Jensen to Sand Wash is ridiculously slow and windy. 
5 days may not cut it if the wind is cranking. Night floating wont help much as at low water the sand bars will be everywhere. I havent seen it below 10,000cfs but even at that level the river was wide and shallow. We had a barge with a motor get pushed upstream several times by the wind. We also saw 6 foot whitecaps blowing UP stream, not conducive to downstream travel.


This will be the worst part of your trip, unless you count the inevitable Wild Turkey poisoning. Have fun, maybe I can be unemployed by then.... I figure 56 days equates to 616 beers and six 1/2 gallon jugs of Wild Turkey per individual. Add in an extra amount of tums and Aleve....


scott


----------



## Randaddy (Jun 8, 2007)

Thanks Scott. We may have to use Kjirsten's truck for a little scout below Jensen, as the flow will be much lower than 10k. 

Has anyone run this section at low water?


----------



## dgosn (Sep 8, 2006)

Google-Earth will tell you all you need, overlay topo lines, or rather line, and that lays all the cards on the table. I think i remember you saying no motors, but if there was ever a western river where a little petrochemical push would be nice this section is it....

scott


----------



## TakemetotheRiver (Oct 4, 2007)

I can't come the day before; my district has a strict rule against taking days off immediately before or after a holiday. I can easily meet you at the B section though. Grab a campsite shortly after the putin for the B (I think the best one is Big Cottonwoods - you sign up for one at the putin for B- I'll check the campsite map there to find you- there's no camping on the A section) and I'll meet you there early the morning of the 21st- yay, another all night drive to Flaming Gorge through Price- Home of the Creepiest Power Plant in the World. 

We can stack all three boats on my trailer and haul them back East for the summer. Can't wait to do the Gauley in the Teacup and the Mini-Me- race ya to the bottom.:twisted:


----------



## davecosnowboarder (Apr 25, 2007)

I floated flaming gorge to swinging bridge at +/- 800 cfs it took 3 days and we floated at night for along time on the 3rd and we hit lots of sand bars and had to get our feet wet in the middle of the cold night. I would try to get as far as possible on the 2nd day. which would still put you into a long day to reach a camp in lodore. Your trip sounds sweet. What are the typical flows and temps in cat at that time of year?


----------



## Dave Frank (Oct 14, 2003)

Back to the posted topic of rope wraps. I just did mine this fall or actually Zach did them for me. I haven't had them in whitewater yet, but loved the feel of them in the flat water.
Much nicer than a sleeve. you can put oar rights on them, but those are just the training wheels that you've been meaning to grow out of anyway. 

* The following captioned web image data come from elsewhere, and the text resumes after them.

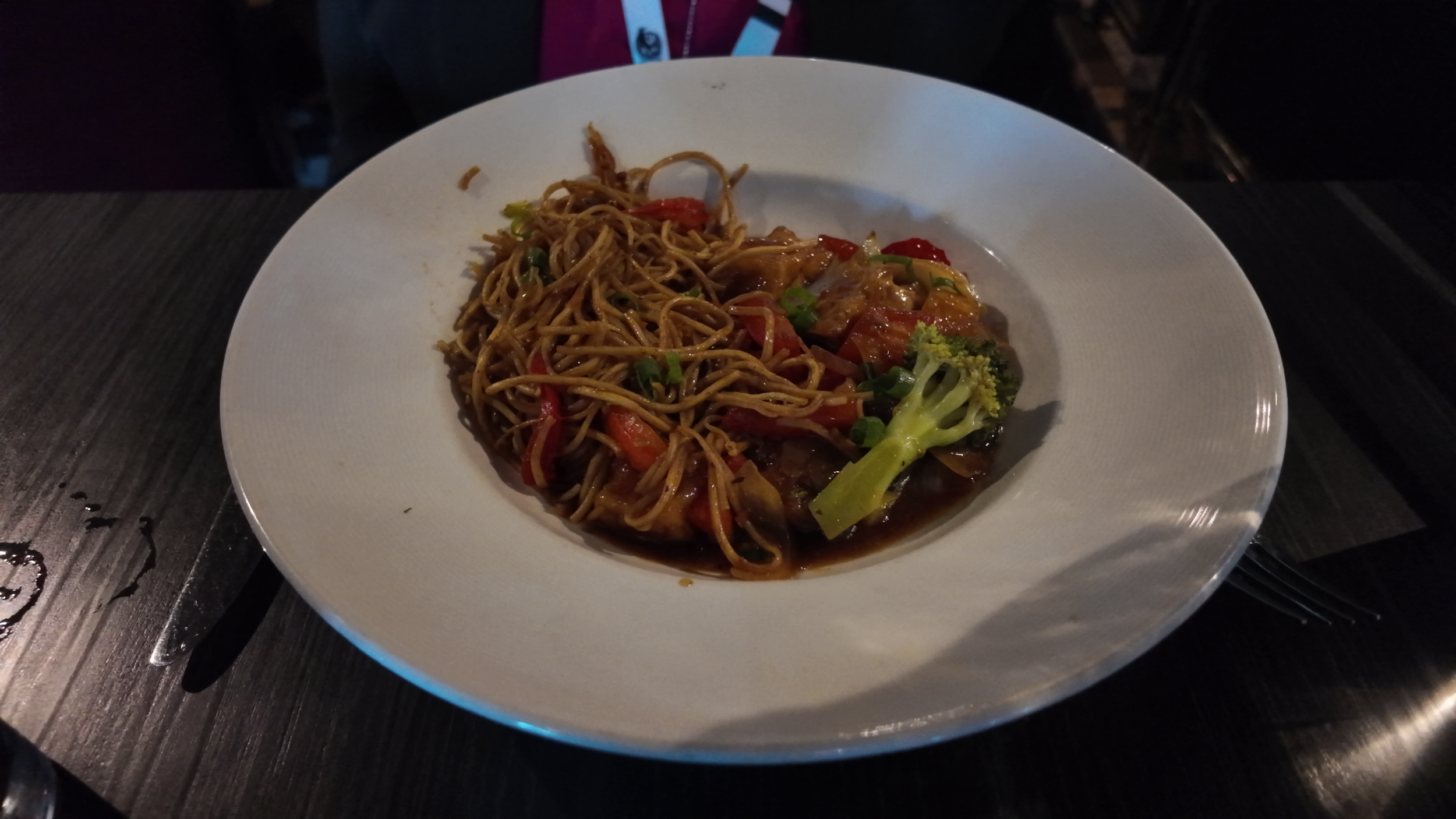 A white plate with Asian-style noodles and vegetables, including red peppers and broccoli, served with soy sauce on a dark wooden table.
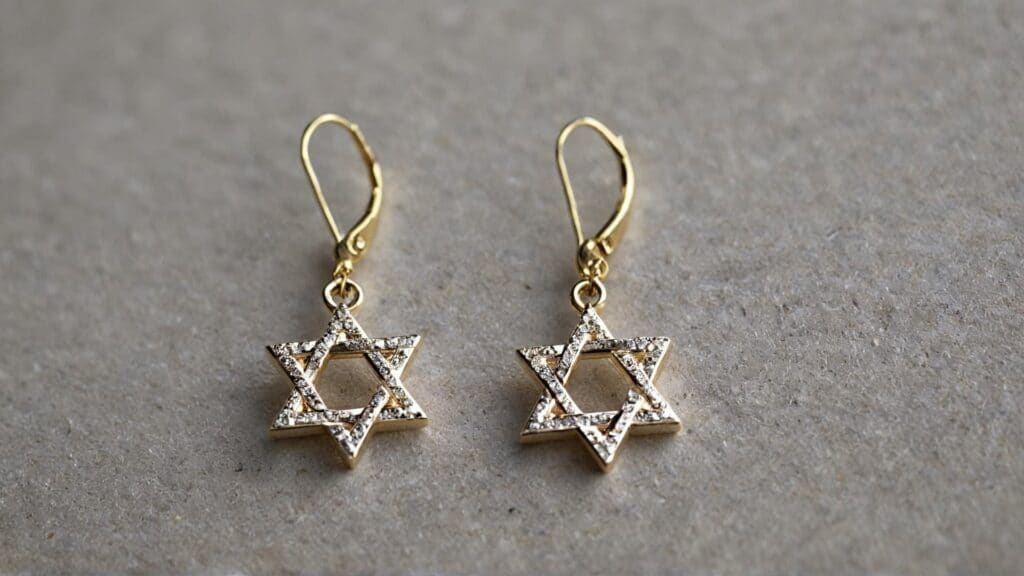 A pair of gold Star of David earrings adorned with small diamonds, symbolizing Jewish tradition and elegance in fine jewelry.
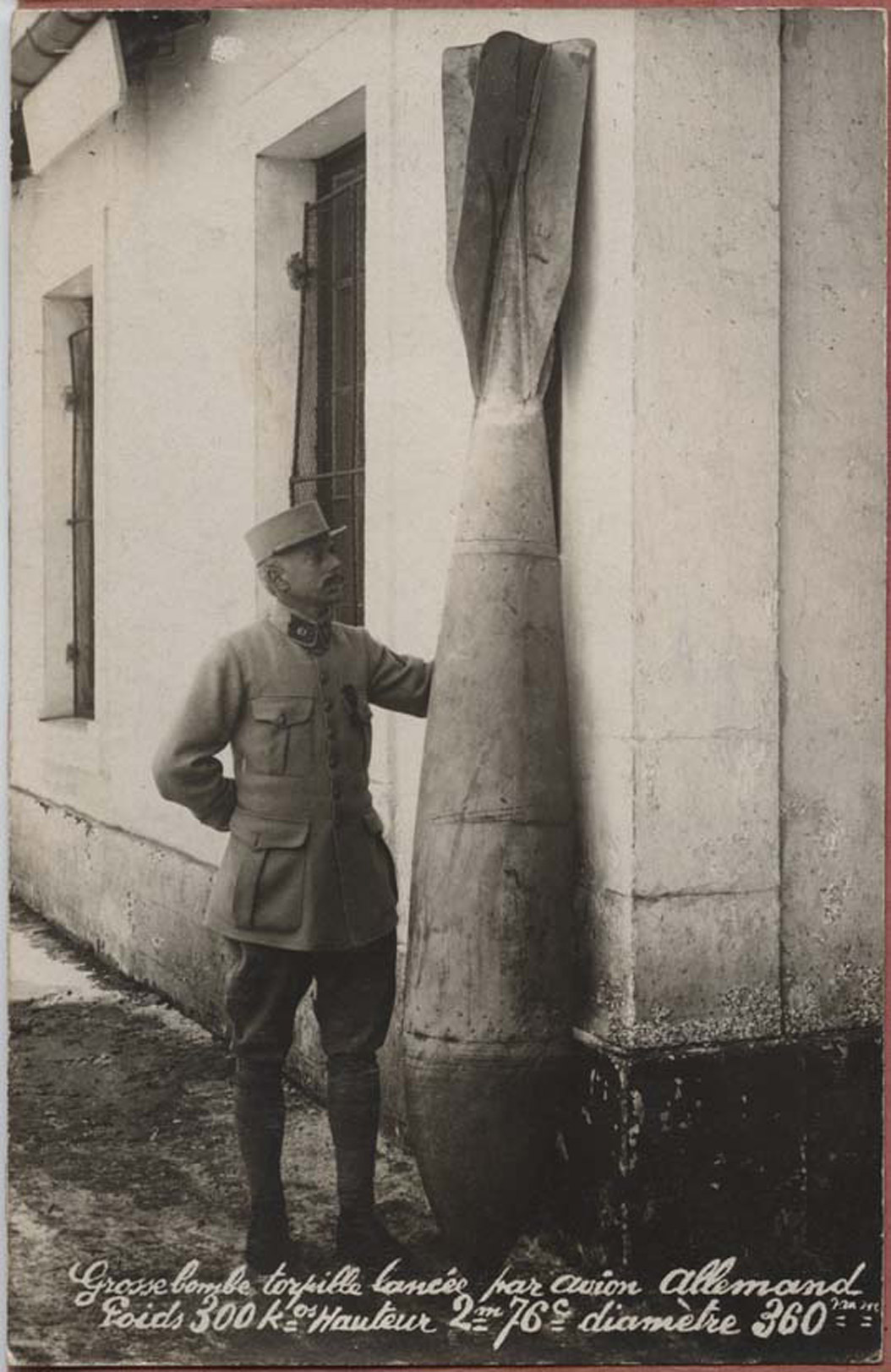 <span class='figure-reader-id'>Image 11:</span> 11086-27-03.  The bombs that fell on Nancy came in all kinds of shapes. In this photo, a soldier stands with this very large bomb. The fact that so many bombs did not explode helped to prevent much damage to the town. <span class='figure-archive-id'>SHSND 11086-27-03.</span>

PM Zbaird for pricing. He does the warranty rope work for sawyer, so he has it dialed in.


----------



## Chip (Apr 7, 2007)

If you end up using Carlisles with the plastic sleeve/stopper thingies, one trick is to get a rubber donut and slice it bagel-wise. Then slip/force each half up over a sleeve with the cut side towards the grip. Makes the oars quieter and nicer feeling. 

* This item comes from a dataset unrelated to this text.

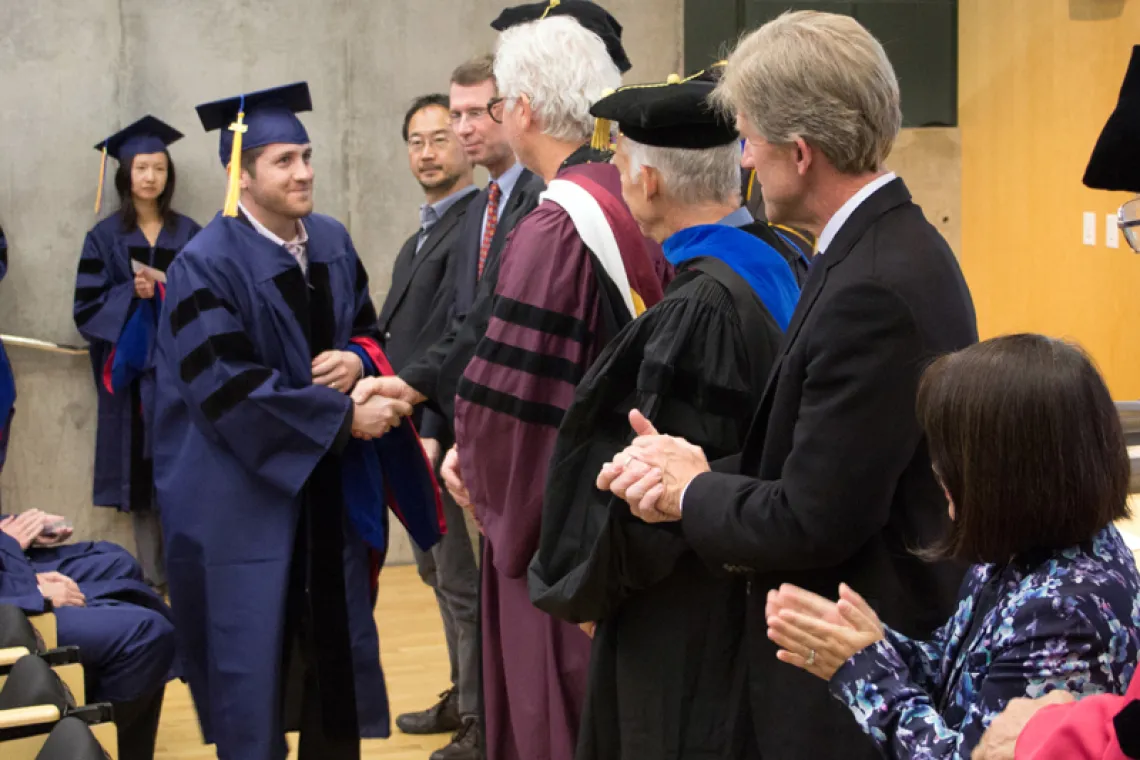 2015 Winter Commencement Student Shaking Hands with Board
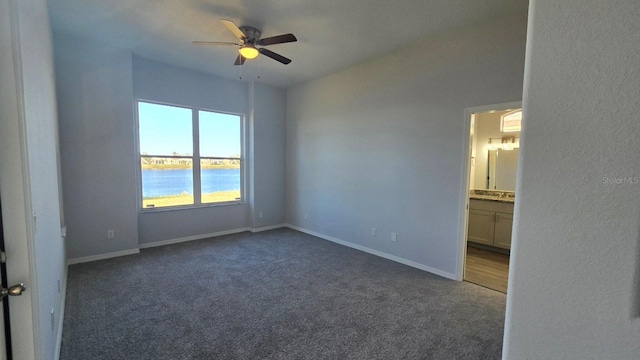 spare room with ceiling fan, a water view, and dark carpet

For a trip that long, I'd probably go with cheap whisky and put the cash into some good oars.

Don't use oar-rights if you'll be rowing flat water— they keep you from using a proper stroke and rotating the oars for a clean entry and exit, and feathering when rowing against the wind. I used 'em the first season I rowed— never again.


----------



## Randaddy (Jun 8, 2007)

Thanks Chip. That's good advice. I use rights on my little boat when I'm crashing and banging all around, but I think it's wraps and stops for life with the big boat. 

So let me ask you good folks this:

4 Sawyer Polecats or 2 Cataracts and 2 Carlisles?


----------



## Le Mitch (Apr 27, 2007)

shame you aren't closer, i have a cataract oar shaft that is just taking up space in my garage. shipping would probably be crazy on it


----------



## raftus (Jul 20, 2005)

do the pole cats. I rowed them down the grand this fall, until i lost one and used a Carlisle. I could tell the difference easily. The flex makes a big difference, and the more miles you row, the bigger the difference is.


----------



## Randaddy (Jun 8, 2007)

Le Mitch said:


> shame you aren't closer, i have a cataract oar shaft that is just taking up space in my garage. shipping would probably be crazy on it


Wanna donate it to the cause? It'll see 4, almost 5 states in one river trip. I'll send you money for shipping, it's actually not as bad as it seems....


----------



## TakemetotheRiver (Oct 4, 2007)

Chip said:


> Then slip/force each half up over a sleeve with the cut side towards the grip. Makes the oars quieter and nicer feeling.
> 
> For a trip that long, I'd probably go with cheap whisky and put the cash into some good oars.
> 
> Don't use oar-rights if you'll be rowing flat water— they keep you from using a proper stroke and rotating the oars for a clean entry and exit, and feathering when rowing against the wind. I used 'em the first season I rowed— never again.


I only used oar rights once and couldn't work with them- but after learning to row feathering, they aren't really training wheels, they're just a hassle. I love my rope-wrapped sawyers-I can easily bang the doughnut in or out for flat water or rapids. I hate carlisles because they seem so much heavier than other oars.

Chip- cheap whiskey can't possibly make up for Randy's Honey flavored Wild Turkey- it's dangerously good- it's the only reason I boat with him.


----------



## Randaddy (Jun 8, 2007)

It's not the only reason. You love how I look in a wet suit. Admit it.


----------



## caverdan (Aug 27, 2004)

I like carliles as spares. Spares get so beat up I just can't bring myself to hanging anything but cheap oars off the side. I like having two so I can easily park my oars. 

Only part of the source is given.